Annual Operating | Capital | Endowment

Annual Operating Goal: $60 million

Unrestricted

$6 million each year
($36 million total)
To sustain ongoing operations
   
Restricted $4 million each year
($24 million total)
To support specific activities such as exhibitions, fellowships, cataloguing, conservation, volunteer and education programs

Sustaining Current Programs

The Huntington must continue to build robust support in annual giving, the lifeblood that sustains the institution's core mission of education and research every single day. These gifts provide the means to operate the institution: to run education programs, mount special exhibitions, provide fellowships, and properly care for the collections. Annual gifts, both restricted and unrestricted, provide the many resources the institution needs to serve some 14,000 school children and teachers, 1,800 scholars, and 500,000 visitors every year. For example:

It costs about $69,000 to run the institution each day - a total of about $25 million per year. Annual gifts help pay the necessary daily expenses -- from water bills to alarm systems to rare book conservation, gallery lighting, tree pruning, and more -- enabling The Huntington to open its gates each day.

Nearly 70 percent of the Huntington's operating budget goes toward salaries and benefits. Annual giving directly supports everyone from curators to gardeners to administrators.

The Huntington's free school tour program serves more than 14,000 students and teachers every year, from throughout Los Angeles County, as well as San Diego, San Bernardino, and Ventura counties. Teachers choose program offerings in the Art Galleries, Gardens, and Library that are linked with local, state, and national curriculum standards. These education programs are supported in large measure by annual giving.

Capital Goal: $35 million
Huntington Gallery $20 million
To restore this significant architectural treasure
   
Original Library Building $3 million
To update the electrical system
   
Gardens $4 million
To update the aging irrigation system
   
Chinese Garden $8 million
To complete the Summer Garden, Phase One

 

Strengthening the Physical Foundation
The Huntington began as an estate and remains one today. Anyone entering the grounds is transported to an oasis of beauty largely absent from our modern urban landscape.

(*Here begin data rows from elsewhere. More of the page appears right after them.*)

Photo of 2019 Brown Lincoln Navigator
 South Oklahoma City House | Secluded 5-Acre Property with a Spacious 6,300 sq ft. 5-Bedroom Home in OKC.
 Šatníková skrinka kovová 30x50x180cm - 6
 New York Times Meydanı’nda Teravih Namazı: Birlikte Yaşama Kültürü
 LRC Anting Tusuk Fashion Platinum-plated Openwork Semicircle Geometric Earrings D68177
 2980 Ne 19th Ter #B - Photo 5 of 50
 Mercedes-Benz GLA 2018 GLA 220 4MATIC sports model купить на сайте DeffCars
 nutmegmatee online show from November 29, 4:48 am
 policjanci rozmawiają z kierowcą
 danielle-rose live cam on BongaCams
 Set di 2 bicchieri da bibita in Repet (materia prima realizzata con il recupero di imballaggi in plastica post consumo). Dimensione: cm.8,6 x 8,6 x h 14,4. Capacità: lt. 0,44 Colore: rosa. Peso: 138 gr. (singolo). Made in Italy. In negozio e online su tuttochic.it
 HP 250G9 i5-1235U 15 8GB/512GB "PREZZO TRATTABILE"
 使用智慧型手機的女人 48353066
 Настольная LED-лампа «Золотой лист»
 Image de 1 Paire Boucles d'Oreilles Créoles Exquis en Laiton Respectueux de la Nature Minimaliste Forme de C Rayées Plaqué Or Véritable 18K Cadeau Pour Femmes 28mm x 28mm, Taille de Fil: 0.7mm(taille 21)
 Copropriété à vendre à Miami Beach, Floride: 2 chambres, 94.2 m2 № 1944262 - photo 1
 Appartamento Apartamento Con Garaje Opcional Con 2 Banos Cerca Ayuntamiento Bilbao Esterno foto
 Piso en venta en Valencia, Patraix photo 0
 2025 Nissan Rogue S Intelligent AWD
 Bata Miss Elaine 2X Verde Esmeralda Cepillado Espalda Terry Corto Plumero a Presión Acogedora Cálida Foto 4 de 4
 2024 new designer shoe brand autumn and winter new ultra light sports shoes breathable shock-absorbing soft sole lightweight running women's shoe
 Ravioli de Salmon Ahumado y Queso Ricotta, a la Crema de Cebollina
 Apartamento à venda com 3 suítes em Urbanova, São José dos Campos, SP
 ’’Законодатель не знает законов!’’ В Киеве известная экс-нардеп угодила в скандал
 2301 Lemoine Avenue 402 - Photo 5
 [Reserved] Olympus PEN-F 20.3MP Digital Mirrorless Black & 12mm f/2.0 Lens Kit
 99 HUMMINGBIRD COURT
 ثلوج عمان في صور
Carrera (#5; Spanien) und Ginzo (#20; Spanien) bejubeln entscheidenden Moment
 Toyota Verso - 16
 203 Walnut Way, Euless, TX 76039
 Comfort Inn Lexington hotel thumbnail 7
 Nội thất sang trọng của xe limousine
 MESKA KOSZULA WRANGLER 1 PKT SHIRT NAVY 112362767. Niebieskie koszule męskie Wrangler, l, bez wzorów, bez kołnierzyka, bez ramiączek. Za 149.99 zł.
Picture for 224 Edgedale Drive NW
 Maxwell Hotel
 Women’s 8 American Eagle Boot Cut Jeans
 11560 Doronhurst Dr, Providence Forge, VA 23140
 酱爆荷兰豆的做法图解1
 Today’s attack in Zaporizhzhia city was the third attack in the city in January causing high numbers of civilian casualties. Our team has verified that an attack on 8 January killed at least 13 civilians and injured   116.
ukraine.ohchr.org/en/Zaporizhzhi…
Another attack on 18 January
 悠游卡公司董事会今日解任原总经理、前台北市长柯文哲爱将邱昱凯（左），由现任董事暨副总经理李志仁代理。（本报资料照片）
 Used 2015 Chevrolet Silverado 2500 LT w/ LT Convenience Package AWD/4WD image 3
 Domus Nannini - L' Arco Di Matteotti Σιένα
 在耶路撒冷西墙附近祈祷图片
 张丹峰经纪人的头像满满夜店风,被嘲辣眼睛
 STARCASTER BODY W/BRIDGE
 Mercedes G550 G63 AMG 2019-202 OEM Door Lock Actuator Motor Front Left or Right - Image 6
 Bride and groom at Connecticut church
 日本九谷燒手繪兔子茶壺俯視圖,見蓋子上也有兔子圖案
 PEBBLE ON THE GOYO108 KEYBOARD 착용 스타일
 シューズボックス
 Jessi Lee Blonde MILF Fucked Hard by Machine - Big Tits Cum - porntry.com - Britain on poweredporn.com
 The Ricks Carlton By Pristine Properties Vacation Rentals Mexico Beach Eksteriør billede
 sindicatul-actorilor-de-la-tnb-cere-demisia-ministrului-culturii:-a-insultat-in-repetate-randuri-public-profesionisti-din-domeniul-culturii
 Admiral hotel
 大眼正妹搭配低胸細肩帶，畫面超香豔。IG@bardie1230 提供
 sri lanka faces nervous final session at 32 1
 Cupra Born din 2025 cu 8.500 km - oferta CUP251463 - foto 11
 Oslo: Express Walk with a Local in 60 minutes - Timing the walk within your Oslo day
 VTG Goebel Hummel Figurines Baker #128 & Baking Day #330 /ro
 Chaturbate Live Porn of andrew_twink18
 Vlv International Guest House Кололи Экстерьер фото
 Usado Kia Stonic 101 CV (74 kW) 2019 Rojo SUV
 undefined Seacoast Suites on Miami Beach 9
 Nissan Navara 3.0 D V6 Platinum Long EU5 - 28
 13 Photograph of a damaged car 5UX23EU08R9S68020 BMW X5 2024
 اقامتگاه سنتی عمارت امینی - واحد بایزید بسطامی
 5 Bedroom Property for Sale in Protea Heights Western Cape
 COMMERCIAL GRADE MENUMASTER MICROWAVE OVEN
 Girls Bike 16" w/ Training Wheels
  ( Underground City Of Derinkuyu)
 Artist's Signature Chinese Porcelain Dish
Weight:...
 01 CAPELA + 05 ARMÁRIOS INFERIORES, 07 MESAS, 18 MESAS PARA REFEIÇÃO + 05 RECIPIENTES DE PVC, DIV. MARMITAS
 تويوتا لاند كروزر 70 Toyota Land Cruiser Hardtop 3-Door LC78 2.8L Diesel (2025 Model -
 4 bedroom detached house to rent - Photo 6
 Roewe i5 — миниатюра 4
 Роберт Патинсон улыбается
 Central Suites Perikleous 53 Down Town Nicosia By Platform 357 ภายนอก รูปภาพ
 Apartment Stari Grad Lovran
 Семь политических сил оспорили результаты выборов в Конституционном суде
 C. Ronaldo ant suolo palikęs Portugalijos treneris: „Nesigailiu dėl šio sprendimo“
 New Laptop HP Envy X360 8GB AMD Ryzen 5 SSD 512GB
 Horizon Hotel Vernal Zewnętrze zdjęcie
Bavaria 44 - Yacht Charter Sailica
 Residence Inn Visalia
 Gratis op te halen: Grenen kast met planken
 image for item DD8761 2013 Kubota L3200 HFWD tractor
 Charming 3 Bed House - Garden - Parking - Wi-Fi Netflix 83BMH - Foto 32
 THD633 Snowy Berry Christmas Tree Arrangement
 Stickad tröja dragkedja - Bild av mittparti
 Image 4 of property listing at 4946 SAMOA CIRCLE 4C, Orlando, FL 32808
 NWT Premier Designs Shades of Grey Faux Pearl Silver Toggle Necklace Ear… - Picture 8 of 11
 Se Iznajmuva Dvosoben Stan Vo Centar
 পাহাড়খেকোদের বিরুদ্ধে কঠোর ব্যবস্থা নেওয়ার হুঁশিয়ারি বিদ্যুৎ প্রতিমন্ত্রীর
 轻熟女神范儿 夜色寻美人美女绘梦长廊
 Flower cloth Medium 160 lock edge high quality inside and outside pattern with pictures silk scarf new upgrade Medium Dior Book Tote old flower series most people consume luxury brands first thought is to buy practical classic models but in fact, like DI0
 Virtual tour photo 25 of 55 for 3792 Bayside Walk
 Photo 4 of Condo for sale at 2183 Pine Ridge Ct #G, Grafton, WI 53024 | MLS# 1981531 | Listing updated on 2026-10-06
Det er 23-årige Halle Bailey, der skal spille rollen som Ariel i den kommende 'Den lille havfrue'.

Henry Huntington was a pioneer into the wilds of California; he packed up his exquisite East Coast libraries and shipped them via rail to this new frontier because he believed in its power and potential. “I traveled east, north, and south from one end of the state to another. I came to the conclusion then that the greatest natural advantages, those of climate and every other condition, lay in Southern California and that is why I made it my field of endeavor,” he said in 1908.

Under the direction of architect Myron Hunt, the Huntington residence -- now the Huntington Gallery -- was designed in the style of an Italian villa, centered on a working agricultural estate and surrounded by pleasant gardens. Hunt was an early innovator of California architecture and the former Huntington home is considered to be of major architectural significance.

The institution, however, has not been able to keep up with the relentless degradation caused by the effects of sun, rain, and the passage of time. Major repairs and maintenance of the facilities and grounds have been under-funded, deferred, or undertaken only on an emergency basis. Through its strategic plan, the institution underscored its commitment to restoring the Huntington Gallery; the house is, in a sense, the fundamental work of art “collected” by Mr. Huntington at the San Marino Ranch.


Updating the original Library, particularly its electrical system, and renovating the aging infrastructure and hydraulic system of the Gardens – ensuring efficient storage and management of precious water resources -- are equally critical.

The Huntington is also a place to learn about and appreciate landscape design, from the craggy beauty of the Desert Garden to the roaring cascade of a Jungle Garden waterfall. The planned Chinese Garden will present a rare opportunity in California to study the landscape architecture and culture of a 3,000-year-old tradition with a lake, teahouse, pavilions, bridges, and numerous “poetic views” situated in a setting of plants native to China. This garden will complement the Japanese Garden, extending The Huntington’s cultural bridge to Asia that Henry Huntington built so long ago.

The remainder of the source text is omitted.